The next step in the light path is lens modification – in this I mean using either ND filters or Optical Compressors like the Speedbooster (yes, I know built in ND filters could go behind the lens, but order doesn’t really matter and for now, I’m putting the ND filter first). The next two steps are the aperture and shutter which make up what is specifically called “exposure” and used to calculate EV or Exposure value. Then the final step the Amplification – otherwise known as ISO.
The challenge now is to get 1.6 billion candelas per square meter down to something that won’t burn out our sensor. Let’s begin by figuring out how many candelas our sensor can handle – to do this I’m going to start picking some values. I want the lowest amount of amplification – so the lowest ISO I can get. My camera’s lowest setting is ISO 100. Going with a shutter speed around 1/500th a second and an aperture of f/16 we get an Exposure Value (EV) of 17 (using this calculator).
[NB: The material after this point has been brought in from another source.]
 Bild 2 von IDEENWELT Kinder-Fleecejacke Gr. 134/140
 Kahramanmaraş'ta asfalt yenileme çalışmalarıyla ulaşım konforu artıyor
Using an EV to Lux converter we see that an EV of 17 means there are 328,000 Lux entering the Aperture. Since 1 cd/m^2 is one Lux, we need to cut down 1.6 billion lux from the sun down to 328,000 to get the sun at noon to expose a middle gray.
So let’s figure out how many stops our ND filter needs to be – one stop is cutting down the light by half. Dividing the 1.6 billion by 328,000 we get 4878. We need to cut the sun’s power down to about 1/5000 of what it is… Two to the 12th power is 4096 and the 13th power is 8192 – so we want an ND filter some where between 12-13 stops.
I don’t have one of those handy, so I made my own.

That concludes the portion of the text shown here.